EXERCISE DATA →

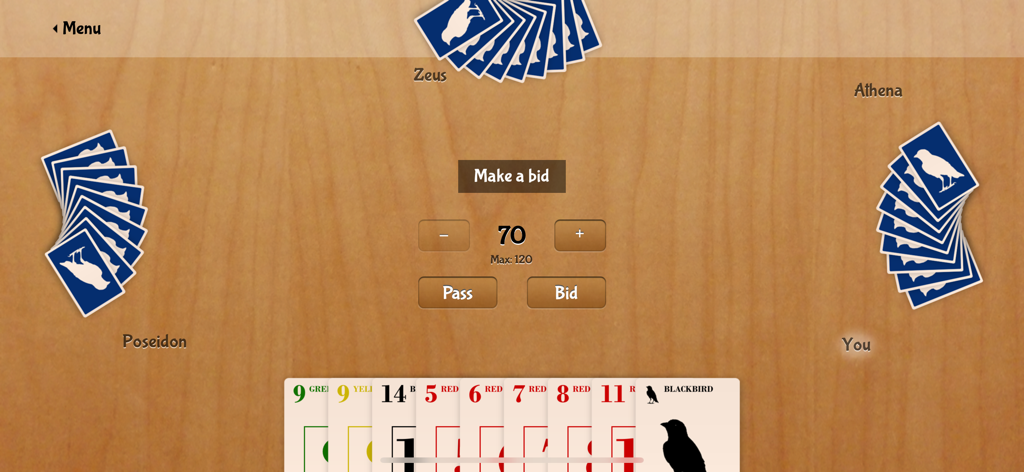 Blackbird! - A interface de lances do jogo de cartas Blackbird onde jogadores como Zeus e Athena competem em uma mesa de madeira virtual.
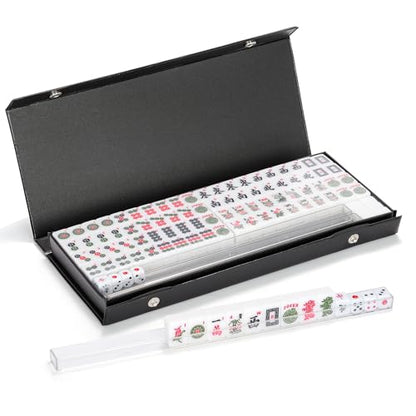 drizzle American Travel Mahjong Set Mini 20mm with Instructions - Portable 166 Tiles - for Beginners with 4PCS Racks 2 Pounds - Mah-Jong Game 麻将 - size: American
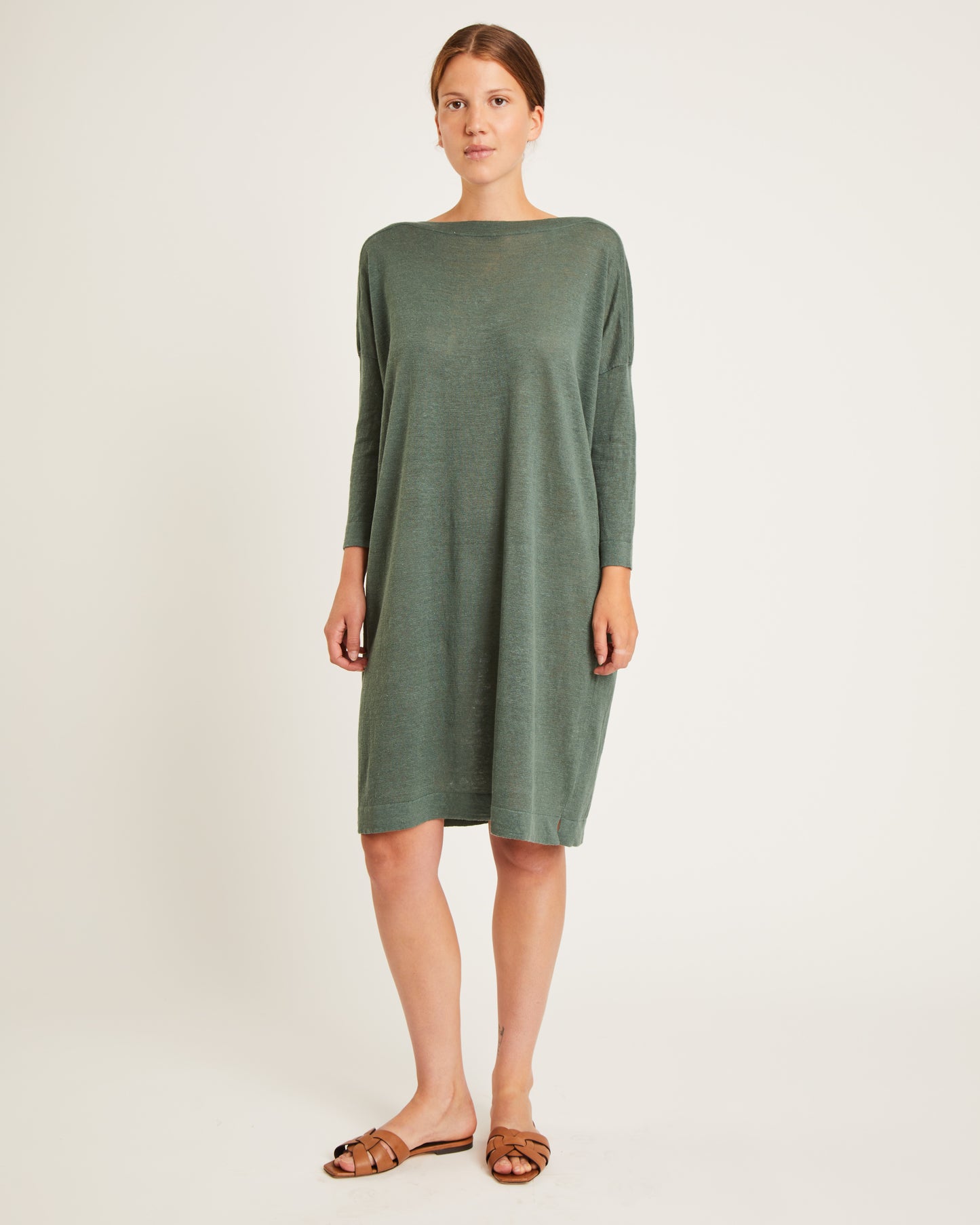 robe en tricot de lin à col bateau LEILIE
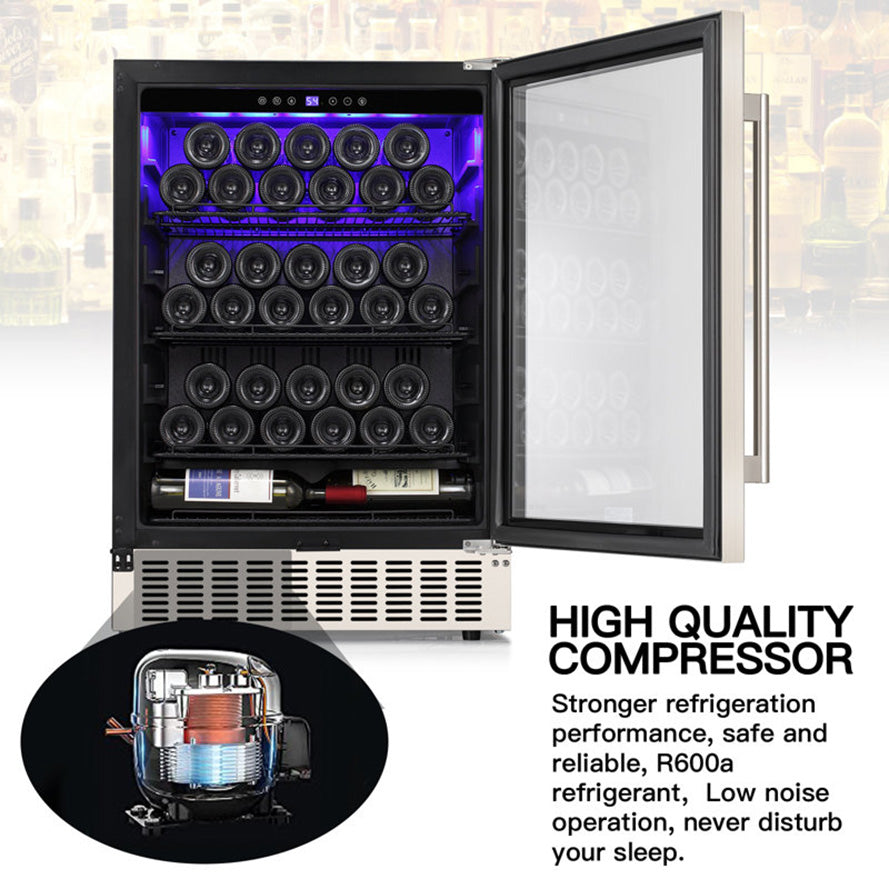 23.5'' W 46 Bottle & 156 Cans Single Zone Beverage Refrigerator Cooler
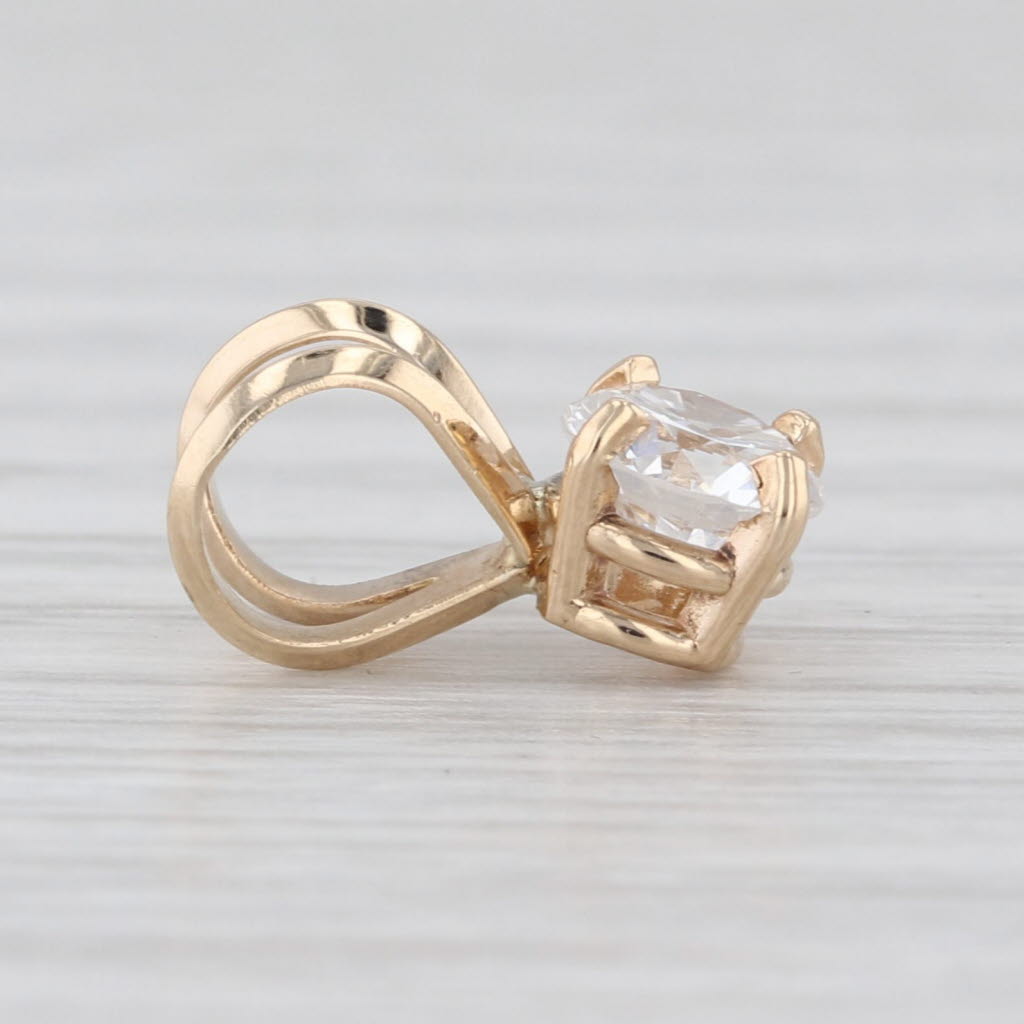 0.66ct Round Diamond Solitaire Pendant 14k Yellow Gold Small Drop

WORK INSTRUCTION → All entries, top to bottom, should be retyped exactly; the pictures should not be.

EXERCISE RESULT →
 Blackbird! - A interface de lances do jogo de cartas Blackbird onde jogadores como Zeus e Athena competem em uma mesa de madeira virtual.
 drizzle American Travel Mahjong Set Mini 20mm with Instructions - Portable 166 Tiles - for Beginners with 4PCS Racks 2 Pounds - Mah-Jong Game 麻将 - size: American
 robe en tricot de lin à col bateau LEILIE
 23.5'' W 46 Bottle & 156 Cans Single Zone Beverage Refrigerator Cooler
 0.66ct Round Diamond Solitaire Pendant 14k Yellow Gold Small Drop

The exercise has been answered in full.